As part of this specific phase of research we are interested in moments of slowness, stillness, obstruction and blockage. Slowness is often presented as antithetical to the velocity, mobility, speed, and freedom proposed by new technologies and the various accelerated modes in which we are encouraged to engage with the world. Slowness has in some senses been deemed as an outmoded or anachronistic form of temporality, as fastness and efficiency have become the privileged terms. Slowness is seen as a glitch in the system, an unwanted delay or moment of ‘poor connection’ during which things cannot progress as expected. Alternatively, slowness has been reclaimed as part of a resistant ‘counter-culture’ as a way of challenging the enforced and increased pace that things (including individuals) are required to ‘perform’, where accelerated and increasingly virtual modes of existence are seen as contributing to a sense of dislocation, disembodiment and loss of located-ness. Here, slowness is connected to the politics of the ‘slow movement’, where individuals have begun to ‘opt out’ of the system and ‘return’, perhaps nostalgically, to a slower pace of life.

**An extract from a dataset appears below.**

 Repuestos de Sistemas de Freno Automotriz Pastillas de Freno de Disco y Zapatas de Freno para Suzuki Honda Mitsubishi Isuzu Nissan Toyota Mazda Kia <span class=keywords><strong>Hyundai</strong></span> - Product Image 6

We are, however, interested in exploring how slowness, stillness, obstruction and blockage operate within ‘the system’, and are perhaps as much a part of the city space and various technological infrastructures as speed, velocity and accelerated temporalities. We are interested in recuperating a value for these ideas, drawing attention to the potential within existing moments of slowness, stillness, obstruction and blockage in both the city and other systems; and creating opportunities for others to create their own spaces, gaps and pauses. Drawing on our different positions of ‘investigation led research’ we would like to present ideas and examples relating to this phase of research where slowness, stillness, obstruction and blockage have been used critically as a means through which to create points of anchor and location, or in order to affect a psychological shift in the way that space is encountered and understood

We want to explore the use of i-pod technology in order to create collective synchronised actions relating to slowness, stillness, obstruction and blockage. We are interested in how a synchronised group action in the public realm not only creates a moment of rupture or public spectacle that becomes witnessed by other publics, but how it might be possible to interrogate specific and at times conflicting ideas within the action itself – which become experienced by the individual participant.